BEGIN

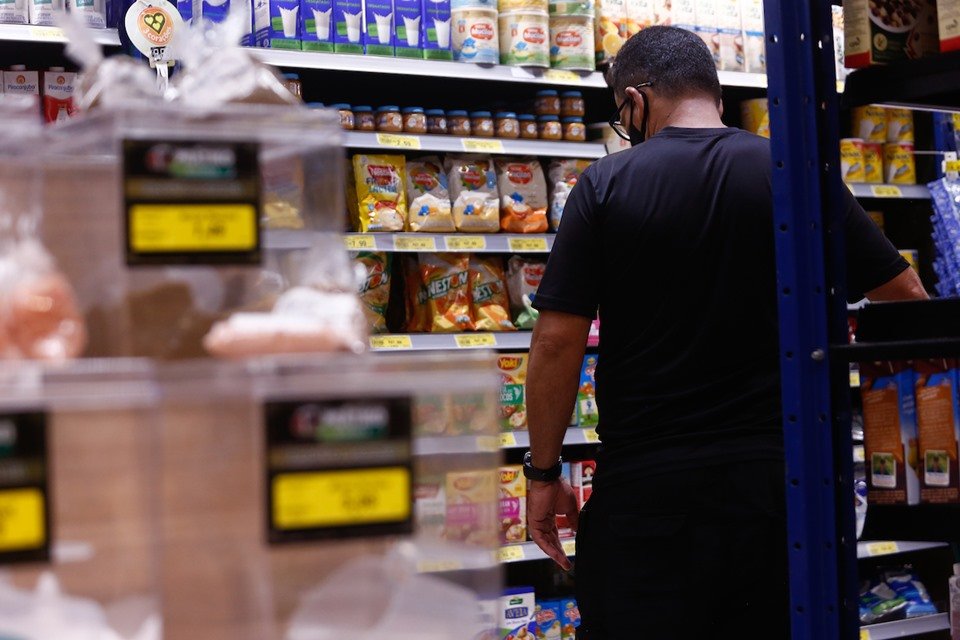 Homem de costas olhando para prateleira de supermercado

END
BEGIN

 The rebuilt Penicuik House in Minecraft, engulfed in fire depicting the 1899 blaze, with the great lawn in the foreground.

END
BEGIN

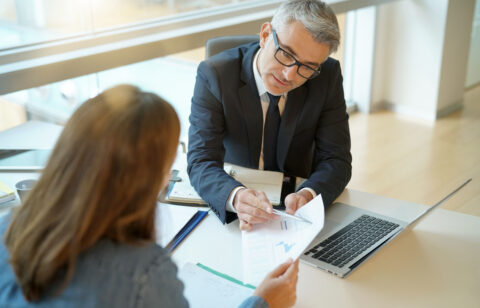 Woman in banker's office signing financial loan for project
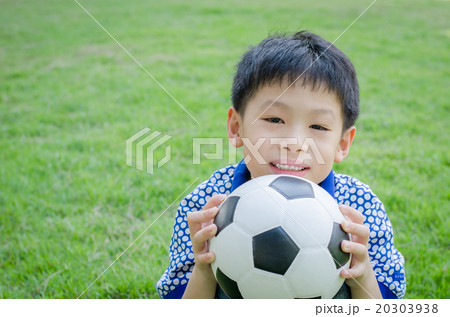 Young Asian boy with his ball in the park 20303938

END

:: WHAT THE EXERCISE ASKS ::
Looking above, find the stretch of lines that opens with the one holding "Woman in banker's" and closes with the one holding "Young Asian boy". Copy it exactly, pictures excluded.

:: EXERCISE OUTPUT ::
 Woman in banker's office signing financial loan for project
 Young Asian boy with his ball in the park 20303938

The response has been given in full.